THE TASK: Only one span is wanted from the lines below: from the one with "Blue Rose Polish Pottery WR Unikat Mug" up to and including the one with "Classic Landscape Oil". Copy it exactly, without images.

GIVEN DATA:
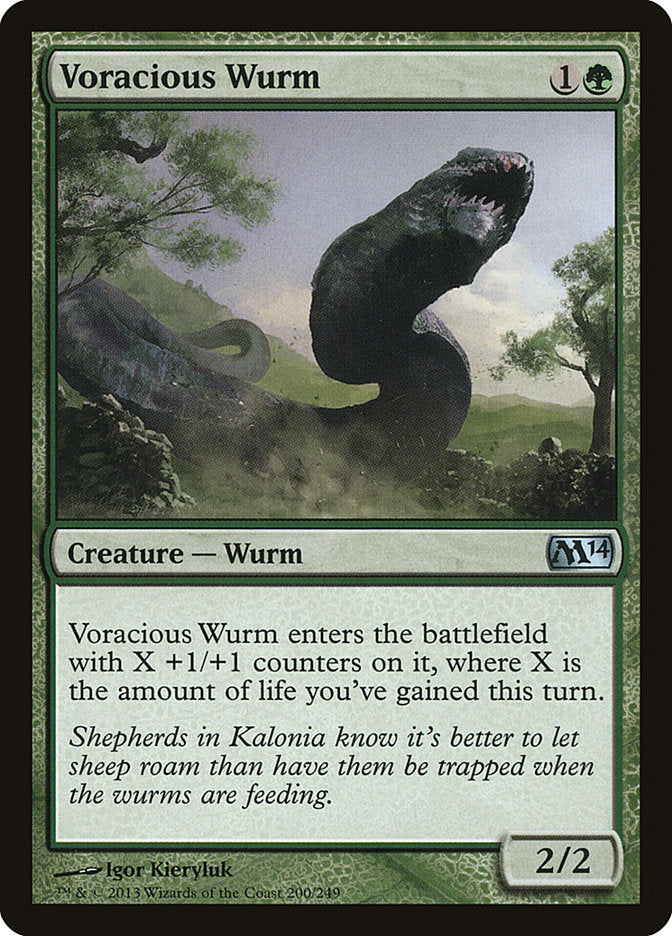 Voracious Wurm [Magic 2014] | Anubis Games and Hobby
...
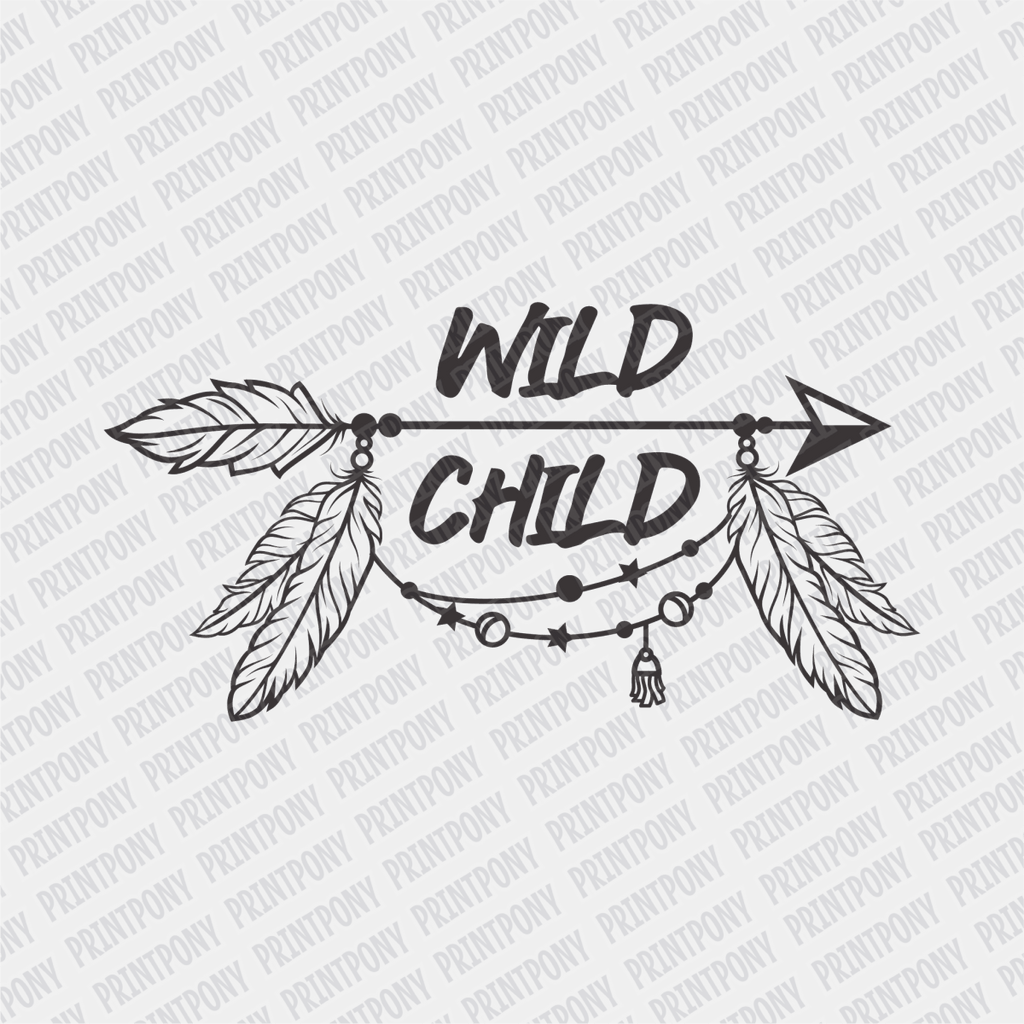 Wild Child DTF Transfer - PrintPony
* * *
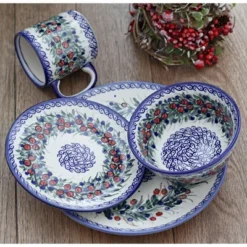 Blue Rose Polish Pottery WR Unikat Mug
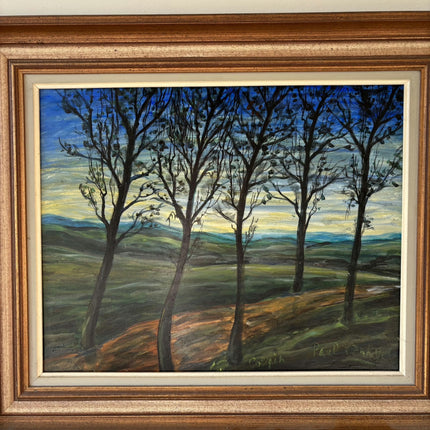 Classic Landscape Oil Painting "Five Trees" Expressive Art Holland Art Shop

RESULT OF THIS TASK:
 Blue Rose Polish Pottery WR Unikat Mug
 Classic Landscape Oil Painting "Five Trees" Expressive Art Holland Art Shop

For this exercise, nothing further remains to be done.